12 April 2011

Strewn relics, crumbling walls

Years ago, my friend Rachel - who, unlike myself, is a real photographer with excellent eyesight, ergo can take pictures that are actually in focus - produced a group of photographs which came to be fondly known as the dead animal series. These images included carcasses of roadkill, bones from dessicated desert creatures and other remnants of animal life in varying stages of decay. What i always found profound about them was the window each photo opened into my imagination of the animal's demise: how it collapsed to the ground or crawled off into the woods to die, the invasion of detritivores, the final stretching or contraction of muscles. Then the fast forward, back of the eyelids flickering that brought a body through its loss of flesh to the bare, clean-washed skeleton seen in the photo.

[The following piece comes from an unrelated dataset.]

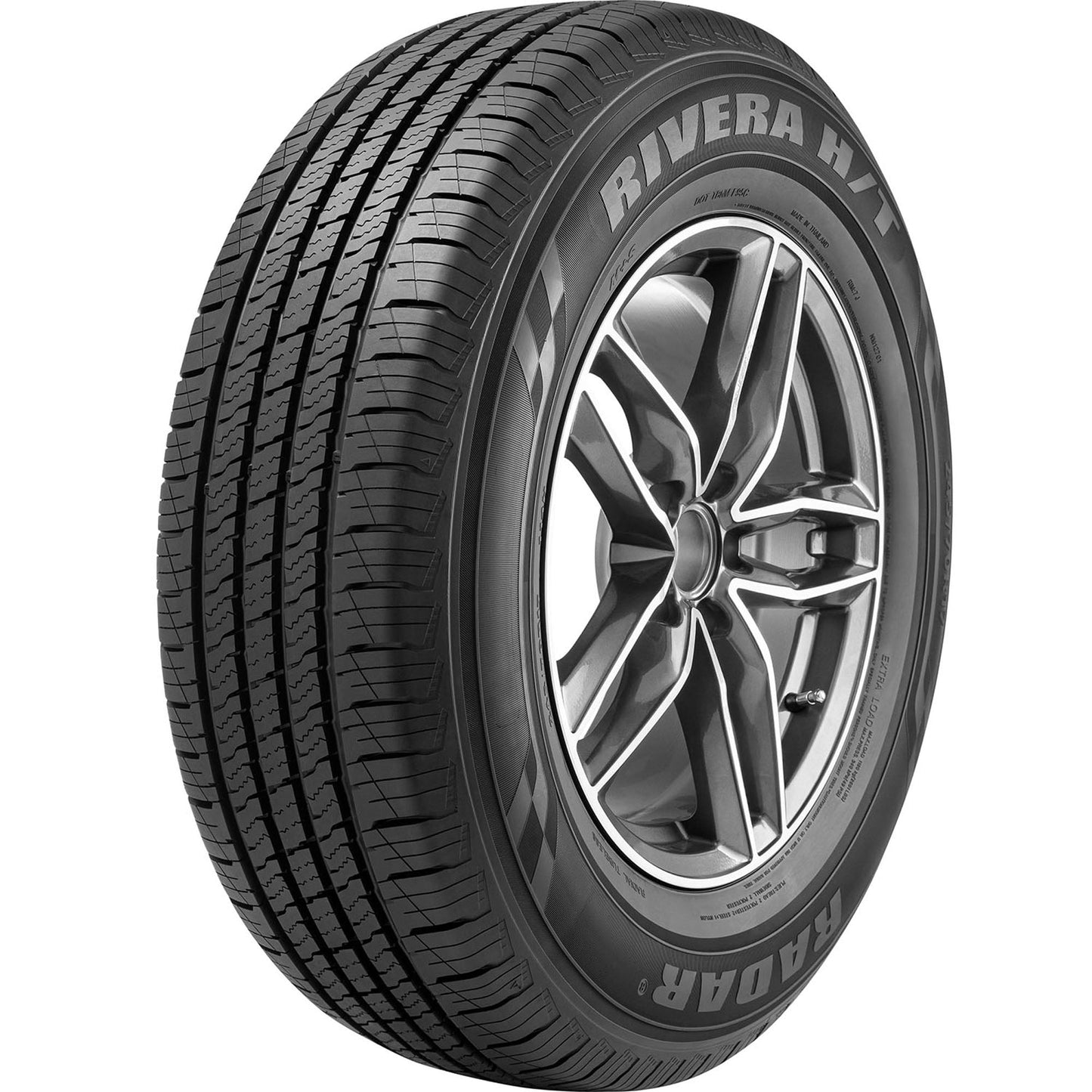 Radar Rivera H/T Highway LT235/80R17 120/117Q E Light Truck Tire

The other day i went to out to the Absheron peninsula, which brought Rachel's photos to mind in that so much of what one sees there seems to be the decaying relics of the Soviet era and oil industry, what still remains from the heyday of 'peace, bread and work'. As Lenin famously remarked, "fascism is capitalism in decay," and apparently he and his political descendants were intent on proving this to be true. What is perhaps most interesting is the extent to which life simply goes on with the rusty equipment, decaying walls and shaky gas lines. It's not the same as walking through an exclusion zone, yet there is a grimy, cynical sadness about this environment which i find oddly captivating.

Rusted out, often abandoned pump jacks pop up from the flatlands in every direction. It's hard to imagine how anyone could psychologically acclimate to living in a virtual forest of these grinding praying manthises: it's not the mechanical nature of them that disturbs the senses so much as the hardened pools of tar at their bases, the incredible proximity to people's homes, the utterly intense indifference conveyed by repetitive up and down motion or the immobility of lengthy disuse. This detritus from the oil industry works as an oxymoronic magnet, something so shocking at this scale that i simultaneously feel a deep revulsion and a morbid desire to see how disgusting it can actually get. Petroleum is a dirty industry, we all know this to be true. Seeing this side of it - a place where people feel proud of their country's contribution to the global petrol market and are inured to the quality of life costs because that's simply how it needs to be done - i'm left wondering if it's really fair to sneer at all the massive SUVs clogging the streets of Baku. That is to say, having already irreparably trashed the land they live on, does it make sense to suddenly care about energy conservation and auto efficiency?





















Outside the town of Suvelen, i encountered a cemetery that overlooks a large seaside refinery and has clearly changed hands from red star era Russian Orthodox to a glittery, we-wish-this-were-Shiraz Shia Islam. At the top of the hill are the weathered Russian gravesites. Again, that feeling of decay and abandonment, of a place which once held meaning being left to the elements. Not sorrowful, but lost. Small monuments to those who came before, intact out of respect or indifference - who can say? They stand as relics of a time people clearly want to put behind them. Fenced and overgrown, dotted by the occasional, inert pump jack (yes, in the middle of a cemetery, when it comes to oil no ground is that sacred), the only flowers at these graves are those growing out of the earth, eventually sure to envelop them. Walls fall, fences collapse. The decay of their relics does not, per force, imply the decay of the people.